+++ Input data +++
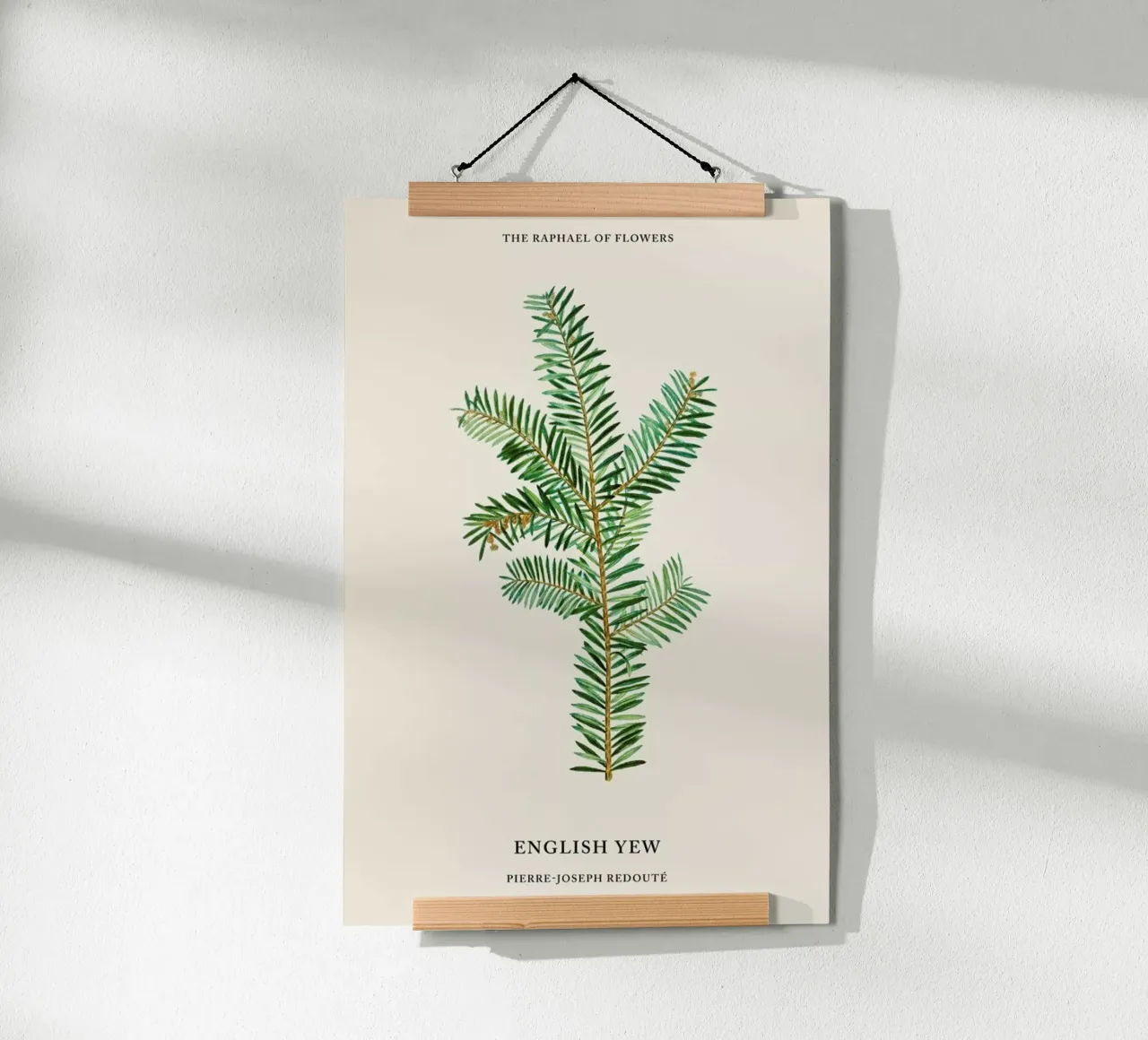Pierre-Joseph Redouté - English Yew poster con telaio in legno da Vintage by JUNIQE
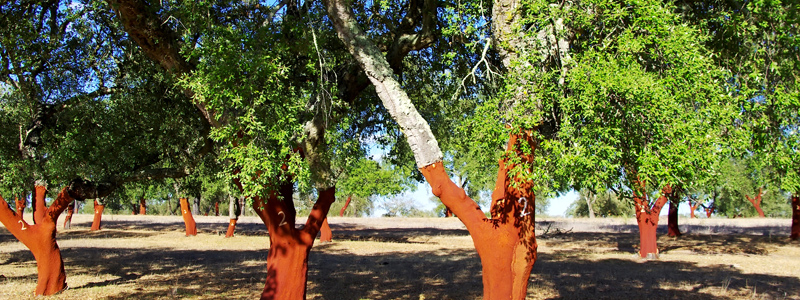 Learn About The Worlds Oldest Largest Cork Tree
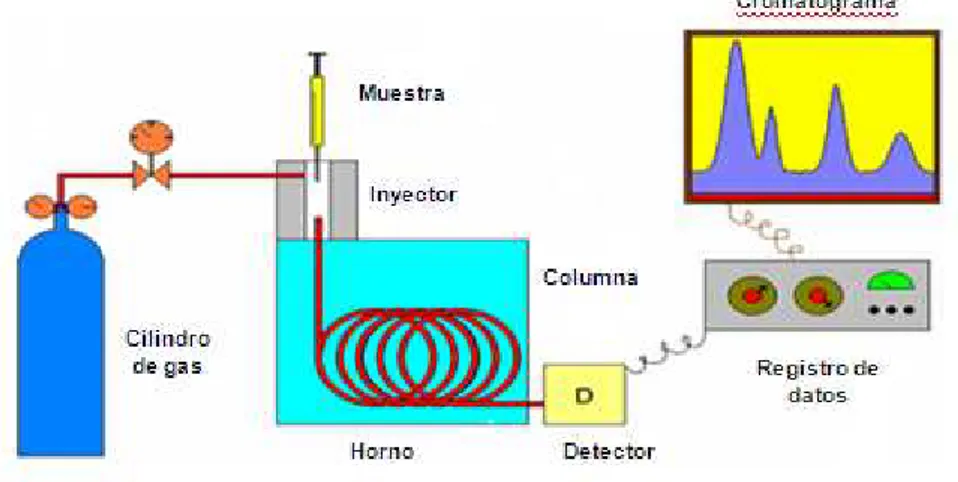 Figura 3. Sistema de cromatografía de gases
+++
+++ Input data +++
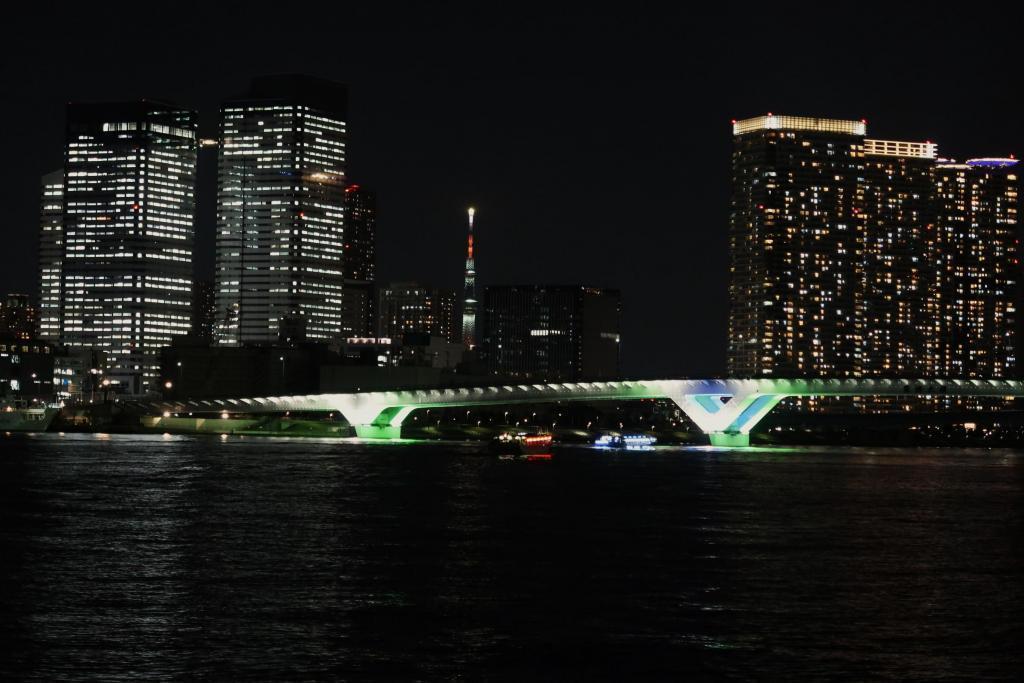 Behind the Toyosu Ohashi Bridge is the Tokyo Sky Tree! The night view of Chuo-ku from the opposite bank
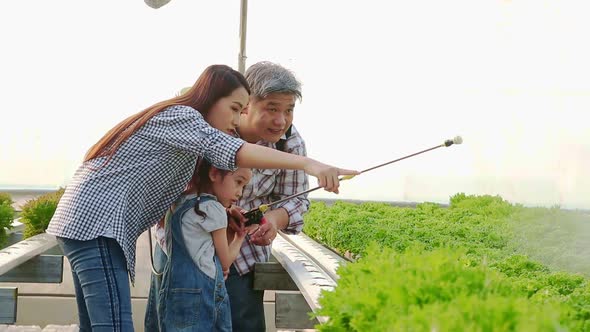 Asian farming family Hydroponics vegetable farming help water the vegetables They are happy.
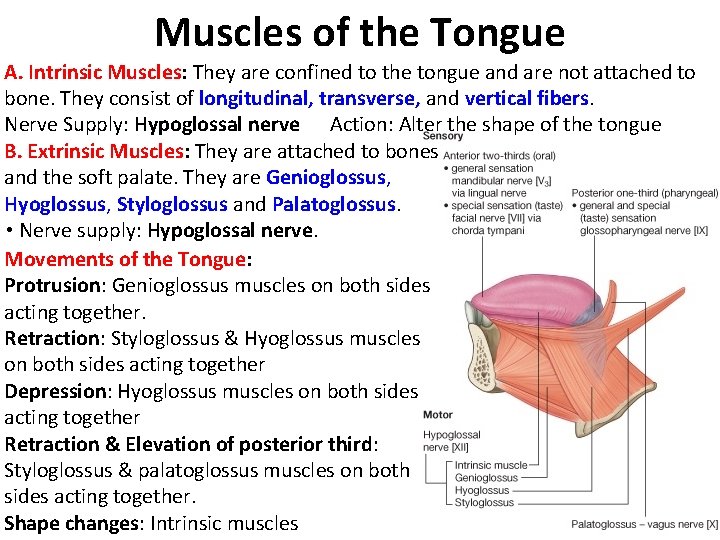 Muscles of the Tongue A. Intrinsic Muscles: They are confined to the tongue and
+++
+++ Input data +++
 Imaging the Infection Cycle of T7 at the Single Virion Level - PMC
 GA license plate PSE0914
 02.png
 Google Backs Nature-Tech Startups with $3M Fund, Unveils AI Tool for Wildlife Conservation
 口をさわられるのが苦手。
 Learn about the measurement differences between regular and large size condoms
+++
Above are some records; quote exactly and only the lines that begin at the line containing "Learn About The Worlds" and stop after the line containing "Figura 3. Sistema de cromatografía de gases", leaving out the pictures.

* **Task answer**:
 Learn About The Worlds Oldest Largest Cork Tree
 Figura 3. Sistema de cromatografía de gases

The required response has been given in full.